さて、本題の「酒の異名」と「酒飲みの異名」についてですが、室町時代の古辞書である『土蓋嚢抄』(一四四六年成立)巻第六・三十七に、次のような記述が見えます。

[原文翻字]

  酒〔サケ〕ヲ竹葉〔チク-〕ト云事ハ如何。,[二三四頁]

 ○只是酒之異名也。百詠ノ注ニ云。宜城〔キセイ〕ヨリ出ス∥竹酒ヲ|ト云云。竹ノ葉ノ露タマリ。酒ト成ル故ニ。竹葉ト云ト。亦或説ニハ。昔シ漢朝ニ劉石〔リウセキ〕ト云者アリキ。繼母〔ケイボ〕ニ合テケルカ。其繼母〔マヽハヽ〕。我ガ實子ニハ能飯〔イヒ〕ヲ食セ。孤子〔マヽコ〕ニハ。糟糠〔サウカウ〕ノ飯ヲ與ヘケリ。劉石〔リウセキ〕是ヲ不得∨食〔クヒエ〕シテ。家近キ所ニ。木ノ股〔マタ〕ノ有ケルニ。棄置〔ステヽ-〕ケリ。自然ニ雨水〔アマミツ〕落積テ。漸ク乱レテ後芳〔カウ〕バシカリシカハ。劉石試ルニ∨之ヲ其味ヒ妙ナリ。仍テ竹ノ葉ヲ折テ指覆〔ヲヽウ〕。其心ヲ以テ。酒ヲ作テ。國王奉リシカ。味ヒ比〔ヒ〕无シテ。褒美〔ホウヒ〕ニ預リ。献賞〔ケンシヤウ〕ヲ蒙テ。家富ミケル也。是ニ依テ。酒ヲ竹葉ト云云。加∨之ス酒ニ名多ク侍リ。 三遲。十分。忘憂〔ハウイウ〕。來樂〔ライラク〕。竹露。松華。梨花。桃花。几〓〔酉慍ウン〕。十旬。宜春。替夏〔タイカ〕。落越。杜康〔トカウ〕。黄〓〔酉倍ハイ〕。緑〓〔酉胥リヨクシヨ〕。

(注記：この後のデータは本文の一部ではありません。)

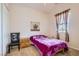 Cozy bedroom with neutral colors, a window, and closet space at 2345 Gondi Castle Ave, Henderson, NV 89044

松〓〔酉蓼ラウ〕。濁〓〔酉蓼ダクラウ〕以上四者云∥濁酒ト|也。歡伯。下若ノ貢。賢人。聖人。荊南 所名。豫北 同上。釣〔ツル〕∨詩ヲ鈎〔ツリハリ〕。掃〔ハラフ〕∨愁ヒヲ帚〔ハフキ〕 皆是酒ノ異名也。亦浮蟻〔フキ〕共云也。酒ノ糟點々トシテ。泛ブ∥盃中ニ|如シ∥浮蟻|。故ニ濁酒〔チヨクシユ〕ヲ茆柴〔ハウサイ〕共云。一醉シテ即醒事。燒ケハ茆柴ヲ火便チ滅ルカ如シ。故ニ皆是酒ヲ賞スル心也。仍テ下戸〔ゲコ〕ヲ悪客〔アツカク〕ト云。唐ノ元次山〔ケンシ-〕カ言ク。不∨飲∨酒ヲ者ヲ呼テ。悪客ト云也。然共不∨可∨好∨酒也。失多キ故ニ。サレハ後漢書ニ云。試〔コヽロムル〕ハ∨金ヲ以ス∨火ヲ。試ルハ∨人ヲ以ス∨酒ヲト。又文集云。龍眠テ尓シ∥本躰ヲ|。人ハ醉テ顯ス∥本心ヲ|ト云リ。不〔サルハ〕∨可ラ∨飲〔ノム〕酒也。然共上戸ハ多ク。下戸ヲ謗〔ソシル〕。惟是所ロ∥性ノ受ル|也。鴨ノ脛〔ハキ〕雖ヘモ∨短ト續〔ツカ〕ハ∨之ヲ則憂〔ウレヘ〕ナン。鶴ノ脛〔ハキ〕雖モ∨長ト切ラハ∨之ヲ則憂ヘナン。荘子ニ云ル榨水敟欹搿旁~ハ也。[二三五頁]

[現代語訳]

酒のことを竹葉というのはどういうことなのでしょうか。

ただ、これは酒の異名なのです。『百詠』の註に、「宜城〔ぎせい〕から竹酒をだしたといいます。竹の葉の露が溜まりまして、これが酒となったのに因みまして「竹葉」というそうです。また別の説には、

むかし、漢朝に劉石という者がありました。その継母が実の子にはご馳走を食わせ、継子である劉石にはいつも残飯を与えていました。劉石は、それを口にすることができないので、いつも家の付近の木の股に、捨てておいたところが、自然に雨水が溜まり、それがいつしか香ばしく匂うようになったのでございます。劉石は、試しにこれを啜ってみますと、えもいわれぬ味がします。そこでこの飲み物に竹葉を折って覆いをし、酒を造りましてこれを国王に奉ったところ、比類無き味わいに国王から褒美を賜ったのでございます。劉石は、その後家富み、栄えたのでございます。この劉石の故事によりまして酒を「竹葉」というようになったのでございます。

それにもまして、酒にはなぜか多くの名がございます。

(酒の名前・異名一覧)

三遲。十分。忘憂。來樂。竹露。松華。梨花。桃花。几〓〔酉慍〕。十旬。宜春。替夏。落越。杜康。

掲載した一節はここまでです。